No más que a otros. Fue mi primer trabajo, y cuando creí que estaba en condiciones, entré a otra fábrica textil, una de las más grandes de la zona, también en Villa Lynch, cuyo dueño era Wolf Raizman. Había más de cien obreros y obreras, tejedores, devanadoras. Yo era tejedor de seda, atendía dos telares suizos. Ahí me afiancé en el oficio.

¿Ya escribía en esa época?

Sí, pero tiraba todo lo que escribía, porque consideraba que no era satisfactorio el nivel de la escritura.

¿Y qué es lo que más recuerda de esos años de trabajo en San Martín?

Nada excepcional. Yo vivía en Capital y me tomaba el 166. Uno sale de la fábrica con ganas de volver rápido a su casa. Lo que más me quedó grabado es la presencia torpe y alevosa de la burocracia sindical. Siempre inclinada, palabras más palabras menos, a los intereses de la patronal. Y una lucha sorda por parte de la mayoría del personal para tratar de imponer las reivindicaciones que teníamos en ese momento, que generalmente apuntaban al aumento salarial.

¿Es verdad que lo eligieron delegado pese a que era el único obrero no peronista?

Sí, es así. Hubo elecciones y los burócratas no pudieron evitar que me eligieran secretario de la comisión interna. Me eligieron a mí porque sabía hablar. Yo venía con una formación socialista, marxista.

¿Y cómo se vivió en la fábrica el 16 de septiembre del 55, cuando derrocaron a Perón?

Teníamos diferentes puntos de vista pero nos habíamos unificado en que íbamos a defender al gobierno contra los golpistas.
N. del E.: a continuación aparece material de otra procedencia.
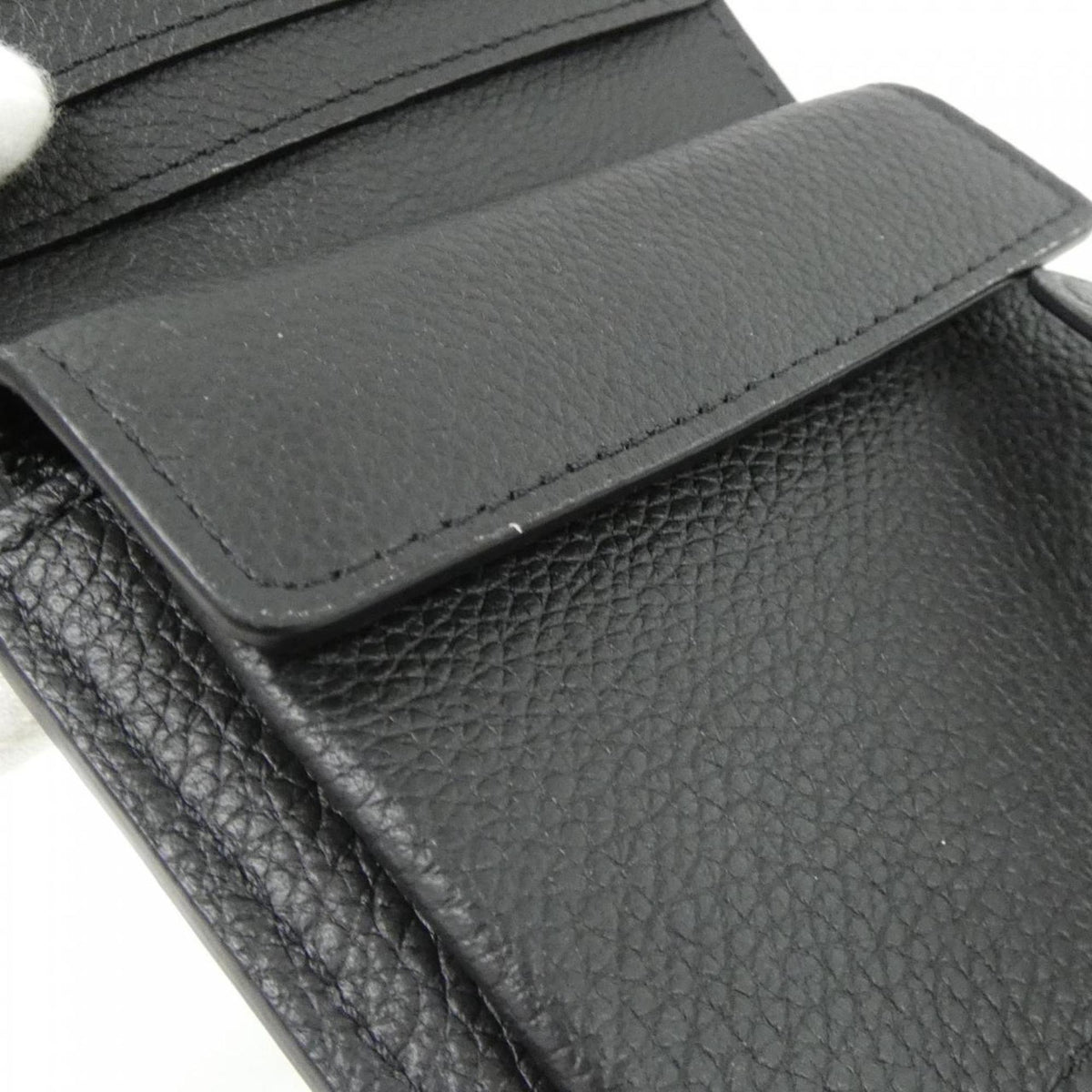 Louis Vuitton Black Leather Wallet (Bi-Fold) (Pre-Owned)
Entonces salimos de la fábrica con esa intención, defender al gobierno legal. Pero fuimos hasta la sede del sindicato y encontramos la puerta cerrada ¿Y qué íbamos hacer?... Acá mi esposa me dice que podíamos romper la puerta. Pero no habíamos avanzado tanto en nuestra conciencia. Porque romper la puerta significaba romper con una de las columnas del peronismo. Y por eso ese día lo viví como muchos que se tomaron el ómnibus y se fueron a su casa. No decepcionado, pero como si hubiera previsto que los dirigentes que estaban al frente de los sindicatos no iban a mover un dedo para tratar de movilizar a los trabajadores. Además no se había hecho nada a lo largo del año para alertar acerca de la posibilidad del golpe.

¿Y qué le quedó de su experiencia como obrero textil?

Visto con el tiempo, fue algo interesante en todo sentido. Sobre todo en lo humano. Me permitió conocer más a los hombres, a mis compañeros de trabajo con los que compartía el día a día. Y lo que más recuerdo es cuán desprotegidos estaban los obreros ante la burocracia sindical y la patronal. Eso no me lo olvido más.